(1)
 私は2018年3月末日限りで新潟大学を定年退職した。私の後釜は採用されていない。新潟大学人文学部で今回定年退職したのは私ひとりであるが、人文学部の教員数がまたひとり減ったことになる。2018年5月現在、新潟大学人文学部の専任教員は60名。20年前の1998年度には84名だったから、20年で3割近く減ったことになる(助手・助教を含む。外国人教師は含まず)。

 なお、私は退職後もGコード科目(教養科目)の非常勤講師を務めている。以前なら、前期1コマ、後期1コマに相当する分でしかないが(現在は1年4ターム制になっているので、4・5月に週2コマ、10・11月に週2コマの出講となる。ターム制については次の(2)を参照)、いずれも定員150人の講義科目である。

 最近新潟大学では教員数が減っており、それでも専門科目はどれだけ必要かが計算しやすく、また教員も基本的に自分の専門の学生のことを考えながら仕事をしているから、教員数が減っても専門科目は必要な数だけ確保されている。

 ところが教養科目についてはそういう配慮が働かない。教養科目を受け持っていた教員が定年や移籍でいなくなると、その分の教養科目がそっくり消えてしまう場合が少なくない。

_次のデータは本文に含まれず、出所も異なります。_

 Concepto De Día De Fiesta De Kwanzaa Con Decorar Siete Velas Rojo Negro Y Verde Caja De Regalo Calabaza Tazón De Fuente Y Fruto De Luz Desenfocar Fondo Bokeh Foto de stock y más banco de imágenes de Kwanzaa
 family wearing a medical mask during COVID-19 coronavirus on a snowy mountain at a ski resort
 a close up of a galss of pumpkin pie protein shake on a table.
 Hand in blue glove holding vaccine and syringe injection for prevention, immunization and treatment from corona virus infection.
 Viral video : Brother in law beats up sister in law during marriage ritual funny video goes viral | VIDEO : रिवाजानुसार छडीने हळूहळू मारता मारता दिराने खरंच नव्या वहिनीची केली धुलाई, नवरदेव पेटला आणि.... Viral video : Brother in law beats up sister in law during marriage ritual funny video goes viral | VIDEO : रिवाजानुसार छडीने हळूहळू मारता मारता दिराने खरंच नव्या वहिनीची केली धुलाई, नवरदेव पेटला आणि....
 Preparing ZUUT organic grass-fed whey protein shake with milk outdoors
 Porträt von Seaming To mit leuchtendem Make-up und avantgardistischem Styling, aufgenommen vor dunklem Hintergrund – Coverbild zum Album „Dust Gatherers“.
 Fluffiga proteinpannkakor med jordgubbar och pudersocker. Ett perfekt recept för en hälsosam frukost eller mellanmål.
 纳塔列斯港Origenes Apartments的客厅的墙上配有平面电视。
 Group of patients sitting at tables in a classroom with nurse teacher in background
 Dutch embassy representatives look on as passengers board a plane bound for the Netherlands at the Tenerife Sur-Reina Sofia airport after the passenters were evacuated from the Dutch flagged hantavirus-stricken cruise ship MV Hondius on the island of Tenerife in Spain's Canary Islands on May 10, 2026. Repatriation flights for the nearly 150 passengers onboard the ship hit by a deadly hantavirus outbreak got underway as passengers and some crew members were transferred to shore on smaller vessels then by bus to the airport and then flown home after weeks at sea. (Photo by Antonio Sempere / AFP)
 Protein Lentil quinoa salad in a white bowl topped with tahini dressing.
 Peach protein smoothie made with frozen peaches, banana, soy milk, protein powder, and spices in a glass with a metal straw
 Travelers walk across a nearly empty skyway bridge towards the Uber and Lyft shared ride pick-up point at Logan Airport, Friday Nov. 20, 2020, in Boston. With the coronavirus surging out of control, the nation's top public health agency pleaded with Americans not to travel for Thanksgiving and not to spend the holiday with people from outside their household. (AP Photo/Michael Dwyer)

 もともと新潟大学の教養科目の数は、学生数に比べて多いとは言えない。だから現在のように教員がどんどん減る事態になると、まっさきに影響が及ぶのは教養科目なのである。

 そのため、定年退職した教員が教養科目の非常勤講師を務めるケースが増えている。私もそうである。かつて、(教養科目だけを受け持つ教員で作られた組織である)教養部が存在した時代にも、コマ数の多い外国語科目については定年退職した教員が非常勤講師を務めていたが、人文系講義科目については1994年の教養部解体、2004年の国立大独法化によってその傾向が強まってきたと言える。

 ちなみに、今週になって判明したことだが、私の受け持っている講義科目に不正な手段で登録した学生が一人いた。詳細は省くが、その背景にあるのは教養科目の数が十分ではなく、学生が専門科目に登録したあとに教養科目を取ろうとしても希望の(専門科目が入っていない)曜限に取れないという実態であろう。学生だけを責めて済む問題ではない。

(2)
 2018年度の新潟大学の予算は、2017年度末に言われていたところでは、前年度並み、ということであった。とすると人文学部では教員ひとりあたりの研究教育費は2017年度と同じく10万円になる可能性が高い。財政難によって様々なひずみが生まれている現況は、変わらないままということになる。

(3)
 2017年度のうちに大学上層部から各学部に伝えられていたことがある。2019年度から英語の授業については、大学としては2単位分しか保証しない、というのである。従来の半分になるわけだ。

 「2単位」をもう少し説明すると、半年単位のセメスター制なら前期が週1回の授業1コマ(これで1単位)、後期も1コマということになる。週2コマの授業なら、前期だけでおしまい、となる。現在の新潟大学はセメスター制からターム制に移行しつつあり、1タームは8週間で、1年が4つのタームから成っている。外国語の授業は16回で1単位だから、1ターム週2回の授業を一つ出して1単位となる。だから、例えば第一ターム(4・5月)に週2回の授業を一つ、第二ターム(6・7月)に同じく一つ、それでおしまい、ということになる。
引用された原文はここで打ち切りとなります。